A new, very positive era has begun for IPR Fresh. The firm moved on Dec. 9 from leased warehouse and office space in Rio Rico to a purchased, much larger facility in nearby Nogales. The facility is among Nogales’ closest to the Mariposa port, the entry point for commercial trucks trading with Mexico.

“The move has been good,” said Jose Luis Obregon, IPR’s president. “It gives us certainty that we will be moving more volume. We can be a little more bold on what we’re doing.”

Obregon said in January that IPR added six or seven people to its staff after the December expansion.

Gustavo Elias is IPR’s full-time compliance manager. “He is handling all the certifications; anything to do with compliance with any agency of the government.” Elias is using his industrial engineering education to manage IPR’s operating procedures. When he was hired in early January, “Gustavo hit the ground running. He has a lot of experience. We are happy to have him,” Obregon said. “Once you have him, you realize the things that you put aside that are important. So, it really helps you to do it in a timely manner.”
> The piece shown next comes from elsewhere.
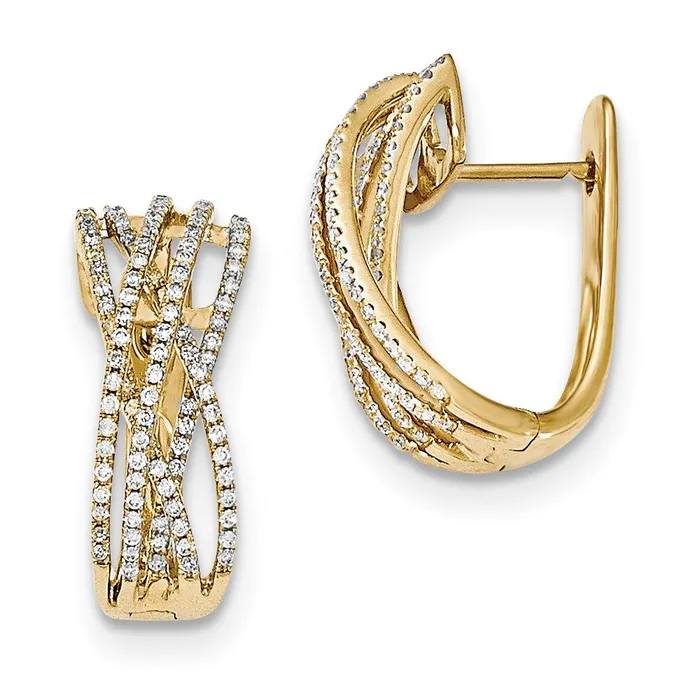 Goldia Earrings 14k Yellow Gold Real Diamond Criss Cross Hinged Post Earrings Goldia Earrings 14k Yellow Gold Real Diamond Criss Cross Hinged Post Earrings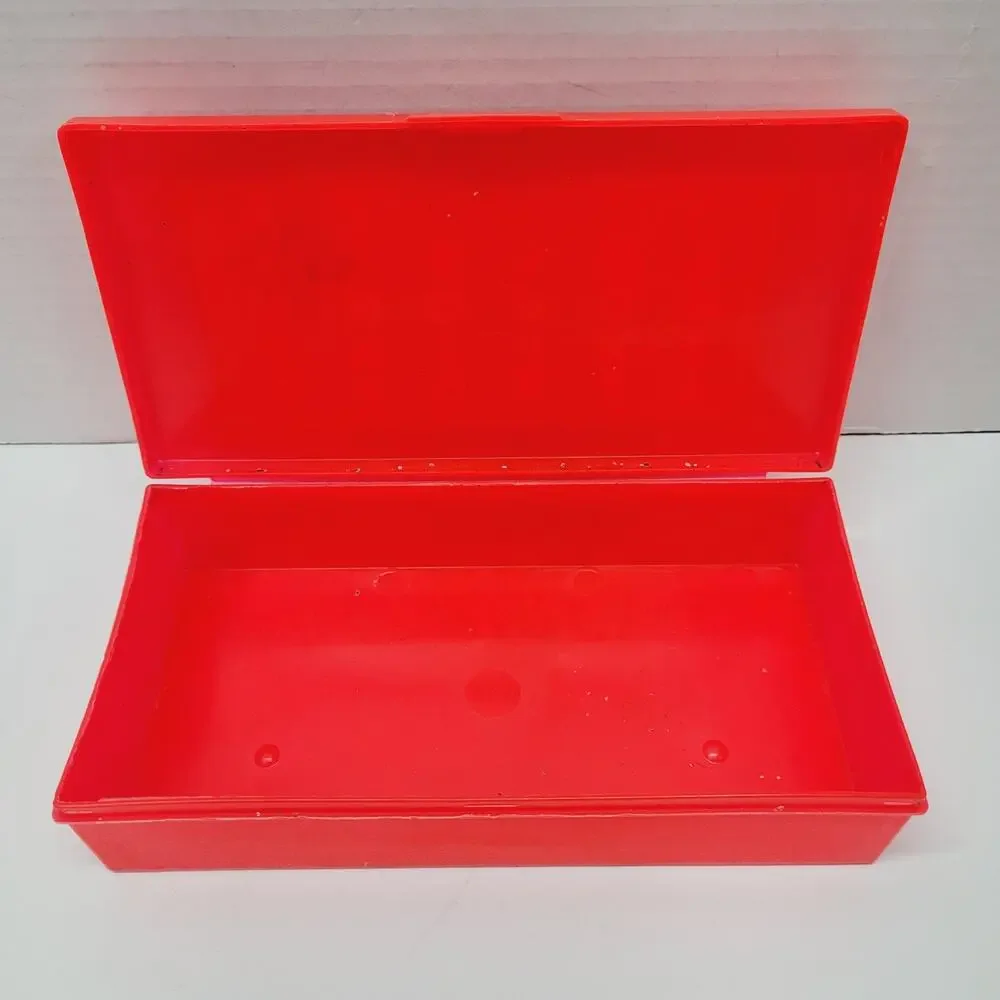 Vtg 80s Chef Boyardee Advertisement Neon Orange Plastic Crayon Pencil Box Case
IPR Fresh has traditionally worked as a broker/consolidator. The firm has also been an importer and shipper for a couple of Mexican growers. But with the new space, that import line is expanding. This year the grower-distributor side will account for half of IPR’s business. That is up from 30 percent five years ago.

American slicer cucumbers are new to IPR’s product list this year, starting in mid-May and running through mid-July.

“We have had Bell peppers and Euro cukes. We will continue to do that. But it’s growing. We have added growers and additional acreage since the beginning of September. We are in mid-season,” he said in mid-January. “We have four-and-a-half months to go.”

The consolidation service and brokering allow IPR to do business with “mostly everybody” in Nogales. In consolidating, “we build mixers. The customer comes, and he has just one stop. With transportation problems now, this is a very valuable service.”

Obregon said that most of IPR’s sales are f.o.b. “But, I hear my friends say that finding transportation at a decent rate is hard with Nogales’ local drivers — Mexican drivers are not allowed in the U.S. anymore. The pool of drivers is down, and people are struggling to find transportation. This impacts us. People who would buy now have trouble finding transportation.”

Yet, he predicted that, because food is a necessity, food prices simply must rise “and those costs will eventually be transferred to consumers.”

In the last year, truck freight from Nogales to New York’s Hunts Point market rose from $6,000 to $11,000. “It will be the consumer that pays. But when the consumer stops buying, the wholesaler will not buy. And freight rates will go down. It will need to level off” as equilibria are established.

Obregon said “there are a whole bunch of issues” for heightened freight rates. Electronic log enforcement to reduce truckers’ daily driving hours is undeniably a factor. Also, coming into 2018, there was bad weather across the country.

“It’s gonna have to level off. We’re looking forward to the second half of the season,” he said.